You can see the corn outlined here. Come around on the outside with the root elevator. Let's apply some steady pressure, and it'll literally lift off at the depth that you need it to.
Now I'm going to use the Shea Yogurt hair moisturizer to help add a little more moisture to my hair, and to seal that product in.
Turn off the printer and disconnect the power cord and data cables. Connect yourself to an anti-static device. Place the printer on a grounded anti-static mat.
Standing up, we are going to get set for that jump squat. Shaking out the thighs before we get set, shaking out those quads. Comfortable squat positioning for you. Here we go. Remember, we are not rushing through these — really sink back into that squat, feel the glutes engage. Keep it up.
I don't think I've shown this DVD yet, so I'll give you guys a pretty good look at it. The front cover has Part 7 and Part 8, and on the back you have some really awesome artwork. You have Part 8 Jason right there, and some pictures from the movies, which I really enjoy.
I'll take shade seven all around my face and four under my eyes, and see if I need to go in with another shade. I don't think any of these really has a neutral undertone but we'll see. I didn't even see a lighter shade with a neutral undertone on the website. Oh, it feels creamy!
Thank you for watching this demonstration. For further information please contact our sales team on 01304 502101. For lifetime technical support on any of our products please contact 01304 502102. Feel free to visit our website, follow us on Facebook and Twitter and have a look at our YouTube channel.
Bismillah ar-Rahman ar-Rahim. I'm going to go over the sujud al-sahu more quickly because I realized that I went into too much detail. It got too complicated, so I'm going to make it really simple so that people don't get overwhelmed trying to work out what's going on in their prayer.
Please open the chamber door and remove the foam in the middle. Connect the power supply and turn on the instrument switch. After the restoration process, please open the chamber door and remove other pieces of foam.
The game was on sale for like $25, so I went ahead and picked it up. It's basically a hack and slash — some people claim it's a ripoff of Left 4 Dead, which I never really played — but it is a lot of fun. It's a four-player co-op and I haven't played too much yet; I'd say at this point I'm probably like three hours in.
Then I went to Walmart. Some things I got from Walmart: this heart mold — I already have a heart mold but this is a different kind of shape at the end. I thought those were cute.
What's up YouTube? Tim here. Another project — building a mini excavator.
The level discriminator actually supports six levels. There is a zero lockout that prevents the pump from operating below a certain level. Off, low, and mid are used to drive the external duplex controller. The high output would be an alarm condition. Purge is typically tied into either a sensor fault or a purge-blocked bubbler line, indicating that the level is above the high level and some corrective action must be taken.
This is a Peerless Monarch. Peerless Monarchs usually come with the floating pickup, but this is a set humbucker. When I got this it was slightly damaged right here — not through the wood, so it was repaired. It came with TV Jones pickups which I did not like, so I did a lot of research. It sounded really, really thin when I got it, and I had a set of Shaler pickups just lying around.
________________________________________
Return all lines of the material above in which the word "four" occurs.

I'll take shade seven all around my face and four under my eyes, and see if I need to go in with another shade. I don't think any of these really has a neutral undertone but we'll see. I didn't even see a lighter shade with a neutral undertone on the website. Oh, it feels creamy!
The game was on sale for like $25, so I went ahead and picked it up. It's basically a hack and slash — some people claim it's a ripoff of Left 4 Dead, which I never really played — but it is a lot of fun. It's a four-player co-op and I haven't played too much yet; I'd say at this point I'm probably like three hours in.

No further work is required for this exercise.